In view of the fact that 'une table de bois d'amaranthe à la grecque 60l' was recorded in the 1764 inventory taken following the death of Jacques Dubois, while Montigny himself was not elected maître until 1766, it seems fair to conclude that it was Dubois who initially devised this model, but in the face of excessive demand, he in turn - acting in the capacity of a marchand-ébéniste- subcontracted to Montigny to supply him with bureaux of this form. This hypothesis is further supported by a number of pieces stamped by both ébénistes, both at Waddesdon Manor and in the Wallace Collection, as well as a bureau à la grecque sold anonymously at Sotheby's Monaco, 17 June 1988, lot 741 (only Montigny's stamp noted in the catalogue).

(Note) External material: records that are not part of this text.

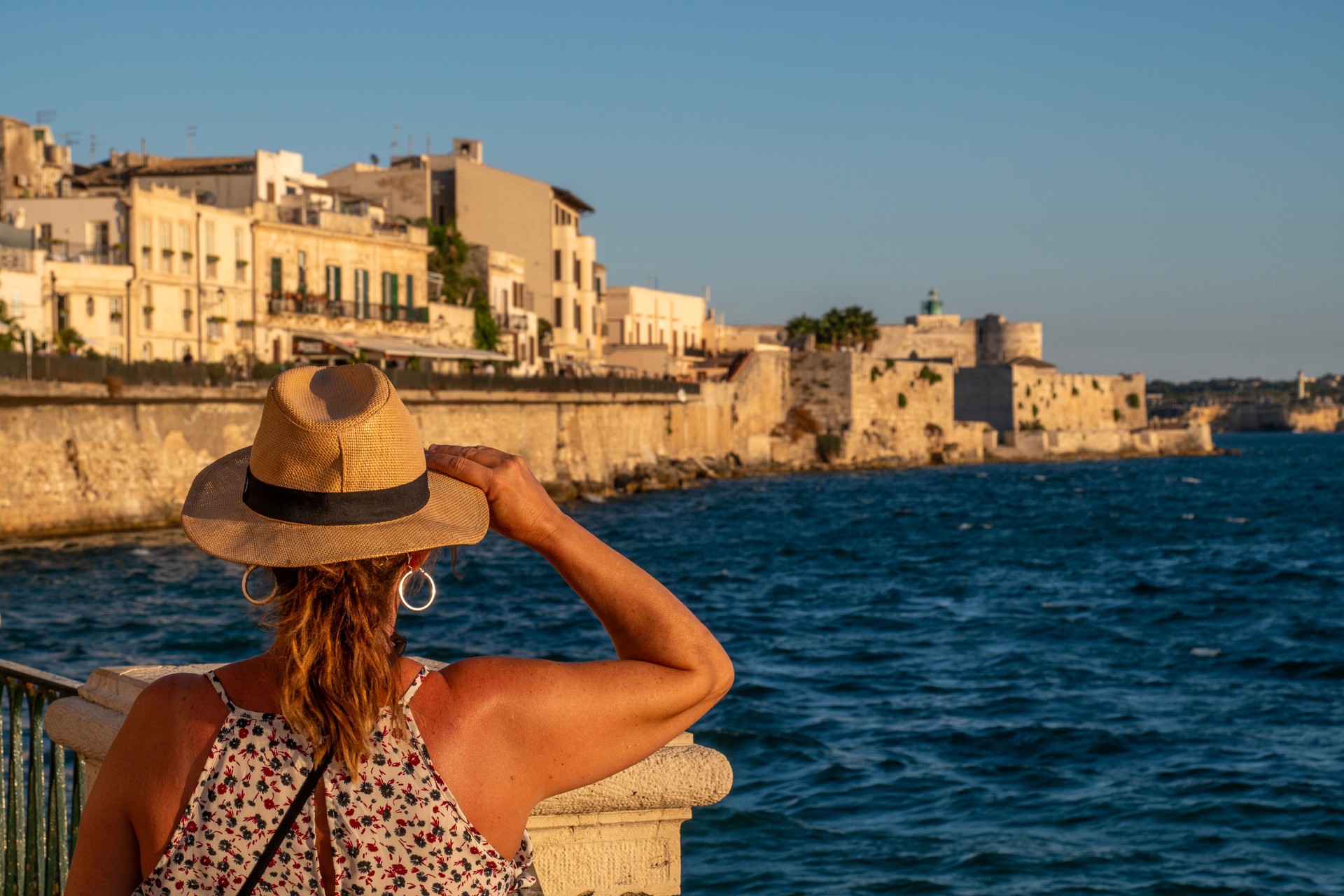 Ortigia to Syracuse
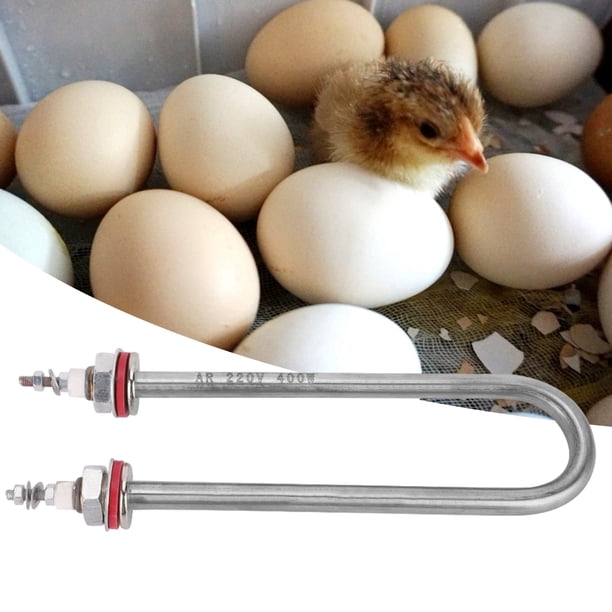 Tubo De Humidificación Dispositivo De Incubación Accesorio De Equipo De Incubadora 220V Plata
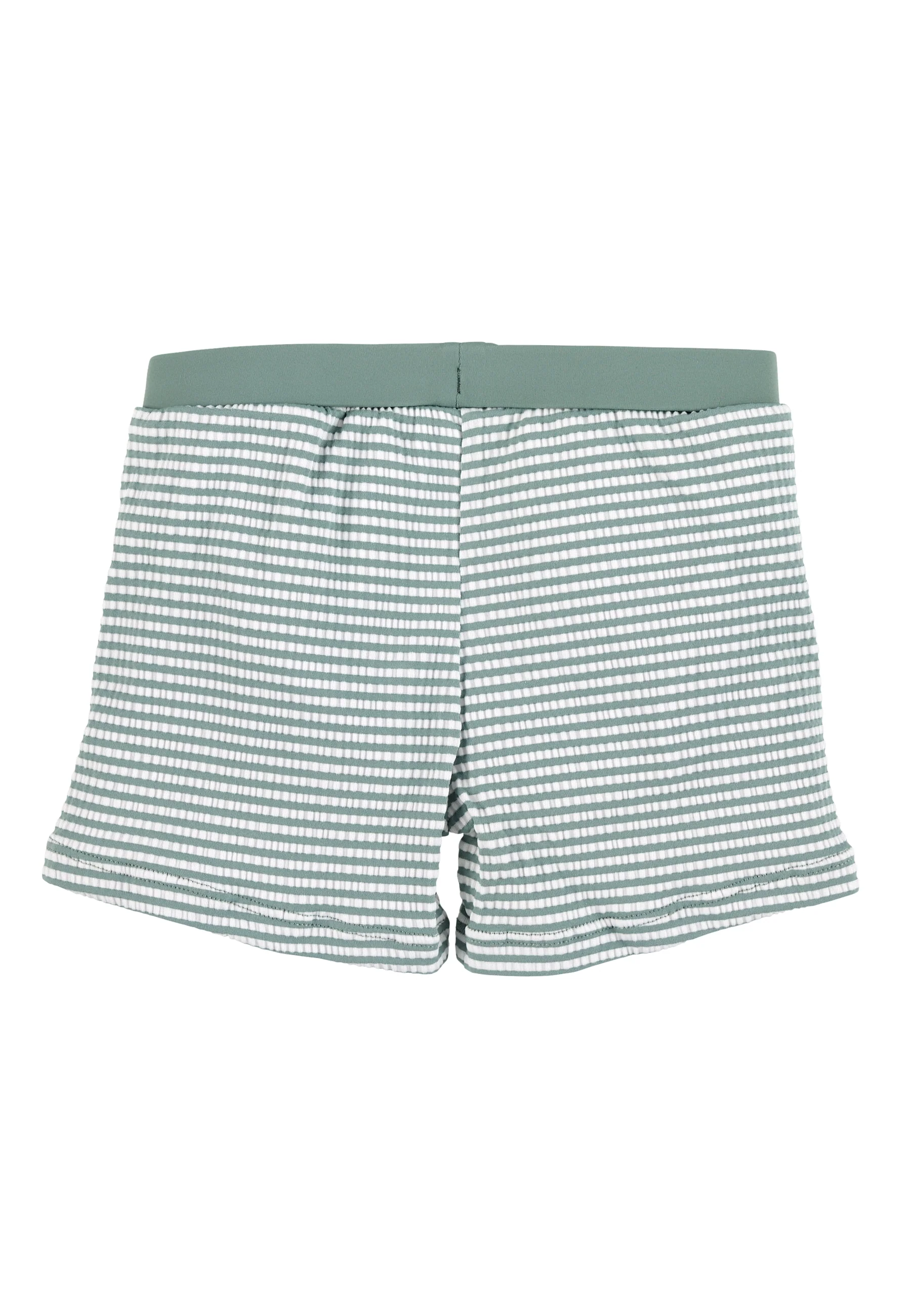 Badehose mit Windeleinsatz bis Gr. 86/92 in grün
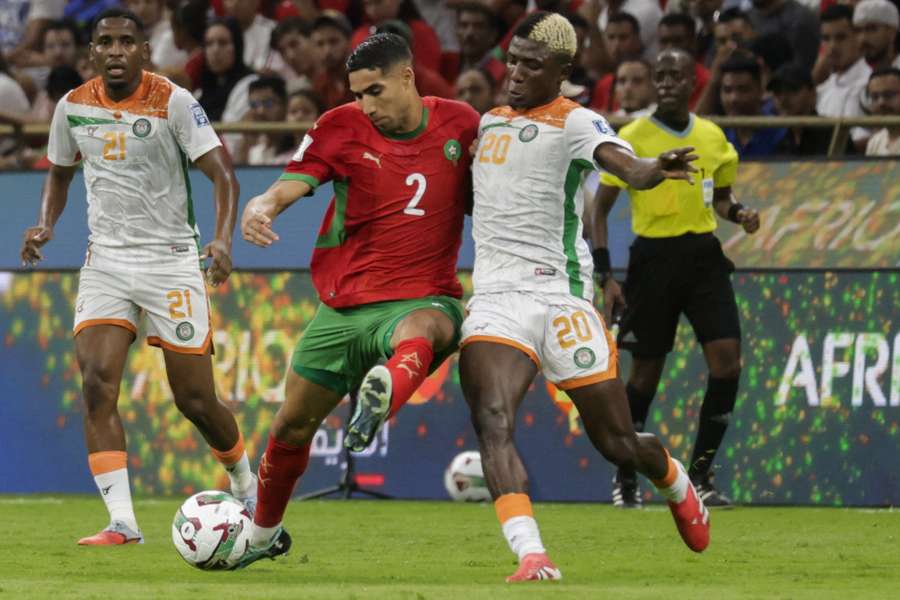 Achraf Hakimi will be central to Morocco's chances of lifting the AFCOB trophy on home soil.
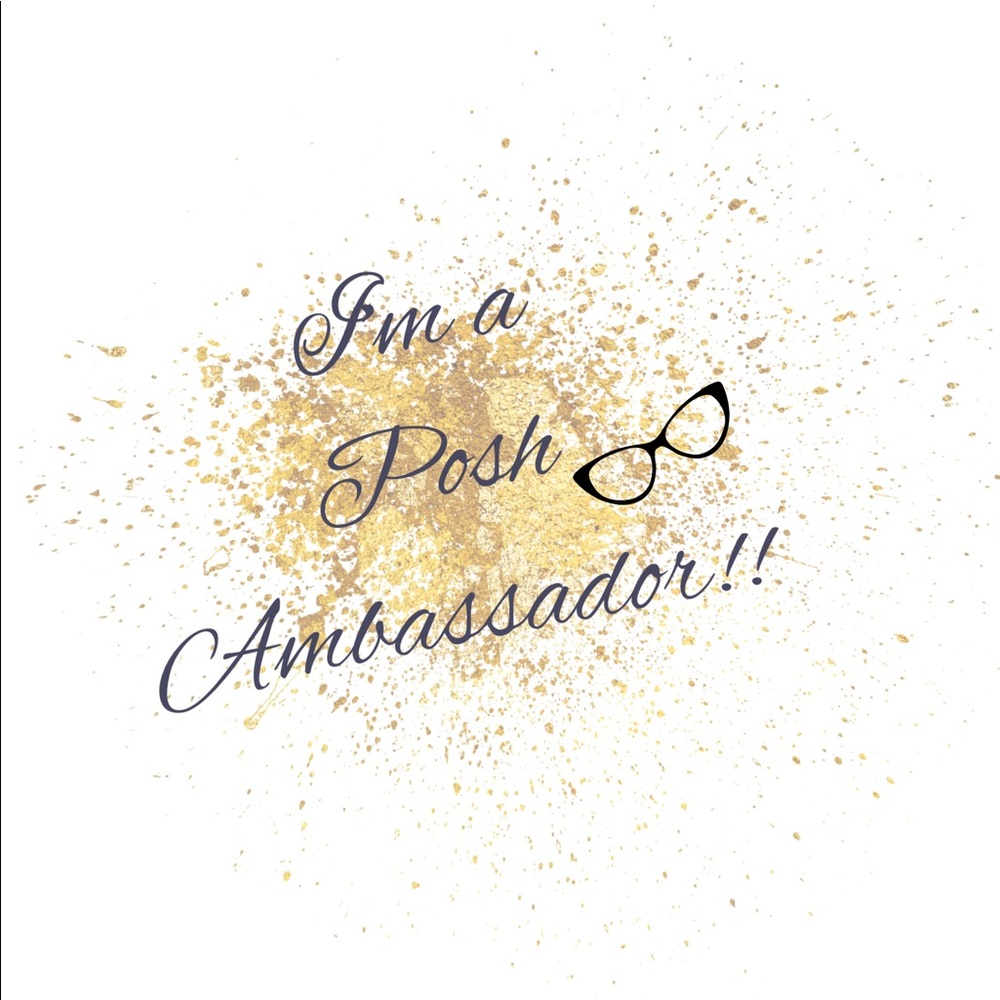 Shop with confidence!!! I’m a Posh Ambassador 🙌🙌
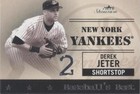 2004 Fleer Showcase - Derek Jeter #1 BB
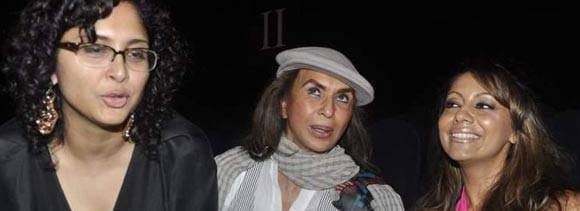 gauri khan interested in filmmaking?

The importance of René Dubois' atelier in the rue de Charenton is revealed not only by the 1772 inventory of his stock, but also in the announcements in Les Tablettes de Renommée - which stated 'Dubois rue de Charenton tient fabrique et fameux magasin d'ébénisterie, fait des envois en province et chez l'Etranger'. This latter inventory also revealed the extent to which Dubois had almost exclusively become a marchand, as he subcontracted work to ébénistes including Ancellet, Bury, Fromageau, Séverin, Bon Durand and Petit.
That Poirier supplied George, 6th Earl of Coventry (1722-1809) with 'un Bureau à la grecque' by Dubois on 12 March 1765 suggests that it was not until the late 1760's that Dubois' activities as a marchand were fully developed, but the mention of 'bureaux plats à l'antique' in the 1772 inventory certainly confirms the long-standing popularity of this model.
The 'bureaux à la Grecque' executed by Montigny tend to be characterized by their slightly larger size, with three drawers and a unified veneer, particularly ebony - such as that in the Musée Cognacq-Jay, Paris and another sold anonymously at Sotheby's Monaco, 17 June 1988, lot 741. It is, therefore, a possibility that this bureau was actually made by Montigny and sold by Dubois.